Le monde dans lequel nous vivons est une tentation permanente : comment concilier dans ces conditions un idéal ascétique (car comment appeler autrement un tel renoncement à ce qui est à autrui ?) avec notre société consumériste.
D'une certaine manière, dans une société où les préceptes d'Épictète seraient suivis, quelles innovations technologiques, quels progrès techniques seraient possibles ? L'envie n'est-elle pas un moteur essentiel pour jalonner le chemin de l'humanité ? Quelle motivation puis-je avoir si je ne suis pas fortement attiré par ce qu'il y a dans l'assiette de mon voisin ?
J'aime bien évidemment l'éthique de la responsabilité qui est celle d'Épictète, mais l'absence d'émulation, et, de manière évidente, d'attention prêtée à la superficie des choses , me paraissent des obstacles à une vie sociale qui ne saurait être que celles de purs esprits dégagés de tous leurs désirs.
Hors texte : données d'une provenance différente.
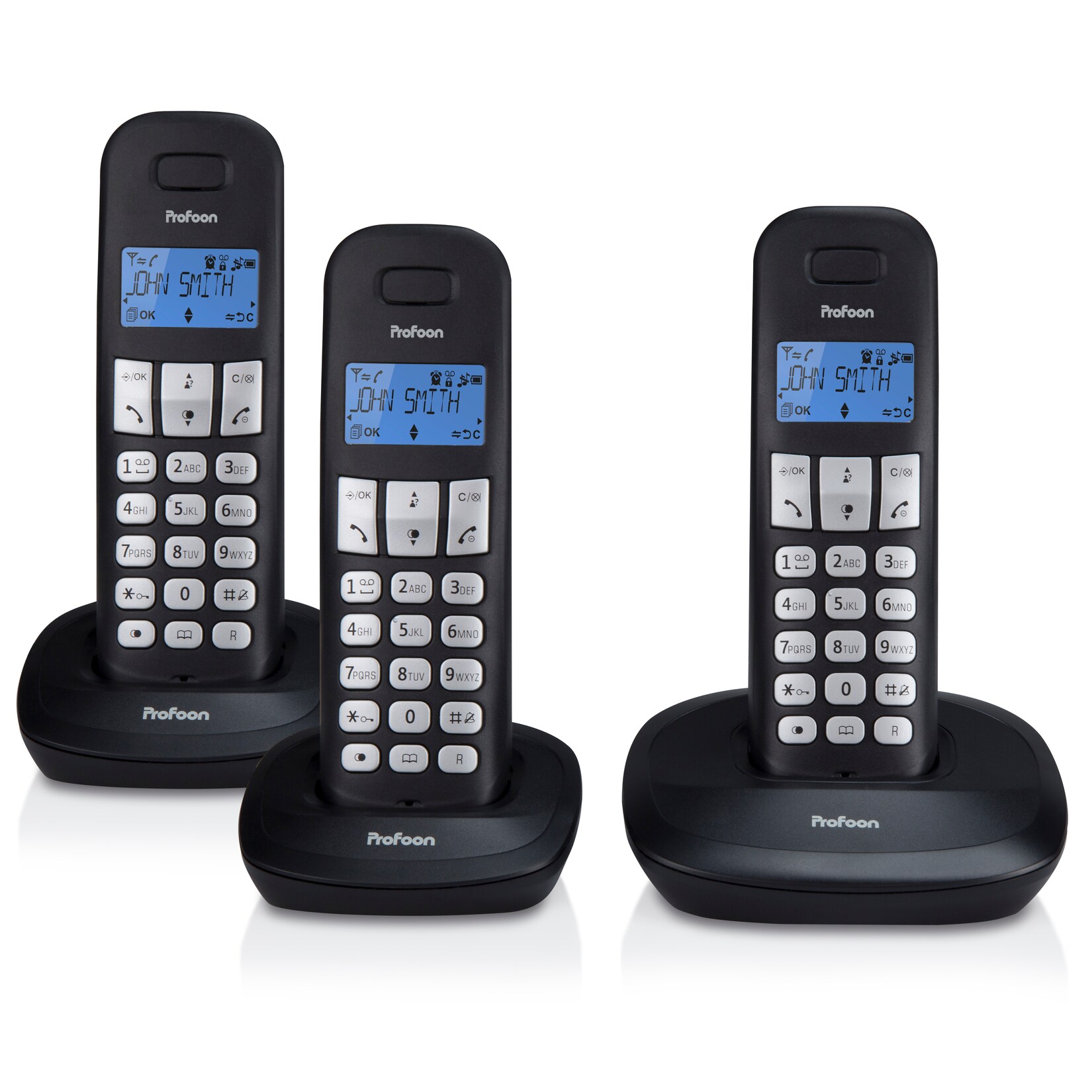Profoon DECT-Telefon PDX-1130 mit 3 Mobilteilen | 08712412675364
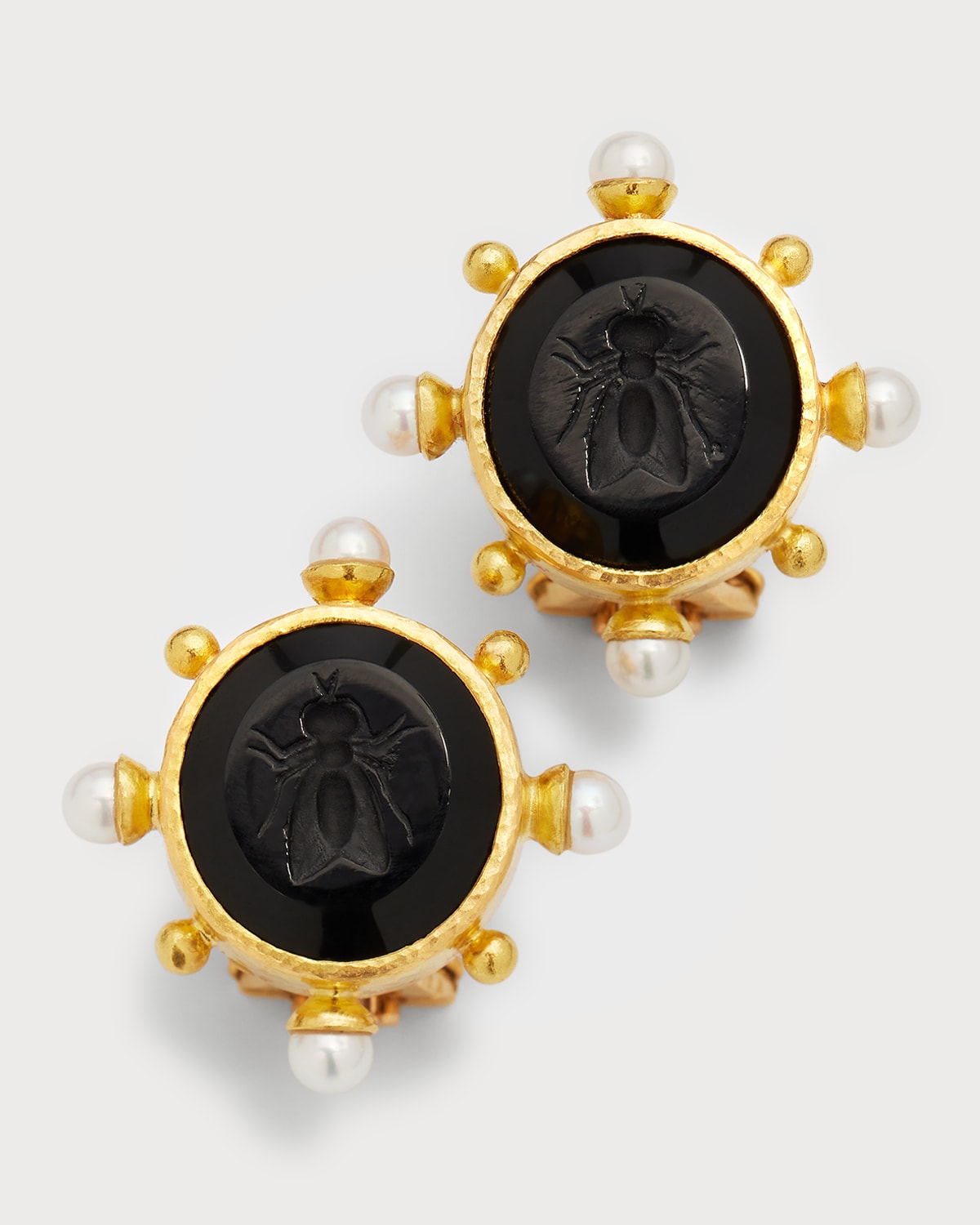 Elizabeth Locke 19K Venetian Glass Intaglio Bee and Pearl Earrings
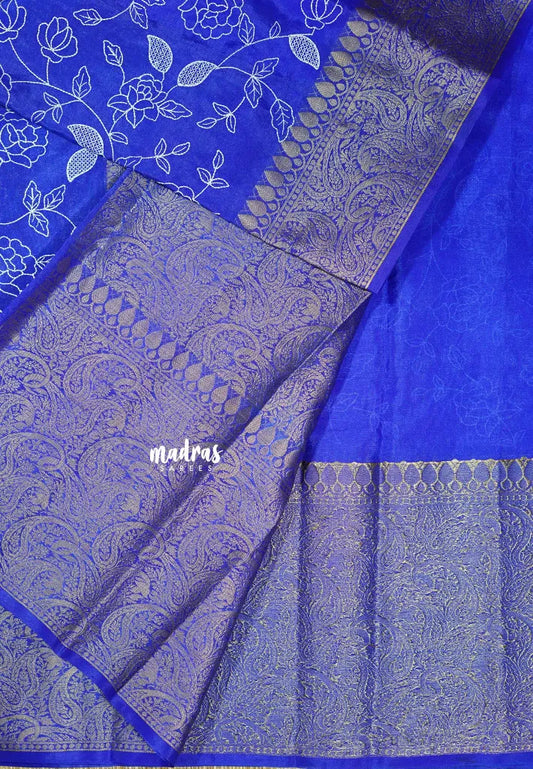 MS Blue - Durga - Banarasi katan silk with embroidery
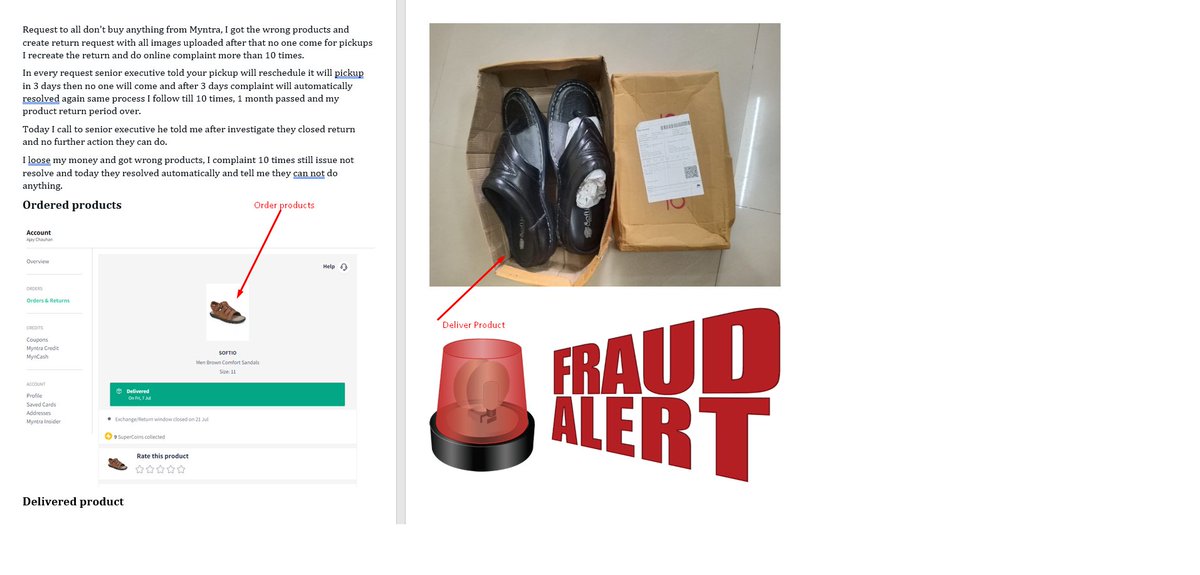 ajay1791's tweet photo. @MyntraSupport why my review is not approved, I posted truth what I face, I get wrong product and lose my money and no one can help me further I'm fighting from last 1 month 
OrderId: 124019613006920330101
Product: SOFTIO
Men Brown Comfort Sandals https://t.co/E7BLS3vtGZ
Voilà en tout cas un sujet qui mérite réflexion collective, et donc, tag...Le raisonnement d'Épictète est quasiment par nature anti-économique puisqu'il suggère de ne pas considérer le bien-être comme un moteur de l'action humaine. C'est une pensée aux antipodes des préconisations d'un Amartya Sen, ou, plus près de lui, d'un Aristote lorsqu'il évoque les libertés positives dans son Éthique à Nicomaque.
En somme, la morale d'Épictète est individuelle, mais elle ne saurait être politique.
Que le bien-être et l'envie soient des moteurs de l'action humaine, cela me semble pour moi aller de soi. Il reste donc à interroger quelques blogueurs sur le sujet afin de déterminer ce qu'ils en pensent.
J'ai cité Amartya Sen : avec un peu de chance, Claudio devrait rappliquer, il est directement visé :-) Est-ce que Rubin relèvera le gant ? Il me semble que ce genre de questionnement devrait aussi pouvoir intéresser Fred et Mirabelle qui écrit parfois quelques notes sur les Anciens. Ah, la responsabilité individuelle...cela touche mêmes les poubelles et les voisins, c'est dire...il me manquait un blogueur à taguer, en voilà un tout trouvé s'il lit le billet avec Homer...
Commentaires
Cessez le feu ! trois fois que tu me tagges, et il faut que je bosse. Je les ai bien notés, tes tags ... ;-)
je ne pense pas sur ce coup qu'Epictecte soit de très bon conseil ... je vais réfléchir à la question quoique j'ai déjà quelques réponses ... je suis juste un peu à la bourre en ce moment ... et je m'y colle ...
Ah ça ... je m'y colle dès que possible
Par contre je crois que mon flux est toujours en rade :-(
cha y est !
Ah... Bien sûr que je vais relever le gant !
@Rubin et Mirabelle
J'ai lu la réponse de Mirabelle, qui tombe dans le travers que je dénonce justement dans mon billet.
J'attends avec impatience la réflexion de Rubin sur le sujet.
@ l'hérétique : grrrr ... tu n'as pas pigé ce que j'ai voulu dire !!!!
Tes arguments pour expliquer la difficulté à expérimenter les principes d'Epictète sont recevables, compréhensibles.
D'accord avec toi sur le fait que la morale d'Épictète est individuelle, mais elle ne saurait être politique. (sauf si on affirme que tout est politique)
@ Eric : je ne poserai pas la question tout à fait en ces termes ... qu'est-ce que la morale collective en fait ?... à bien y regarder ... c'est le devoir envers les autres... rien de plus rien de moins ... la morale collective ce sont les préceptes de la morale individuelle qu'on étend aux devoirs envers les autres... Le choix du pouvoir faire d'Epictète s'applique donc aux deux !
@Éric
C'est bien là où le bât blesse. Les Anciens, Stoïciens compris, voyaient la politique comme la quintessence de l'action humaine et ravalaient au ban de la morale toutes les passions qui agitaient la société humaine ; or, ces mêmes passions sont devenus l'un des moteurs de l'action politique.
Vous êtes repartis pour la querelle des anciens et des modernes ? :)
Bah, de quels anciens de quels moderneuh???
Trois phases dans certains cheminements de pensée^^^.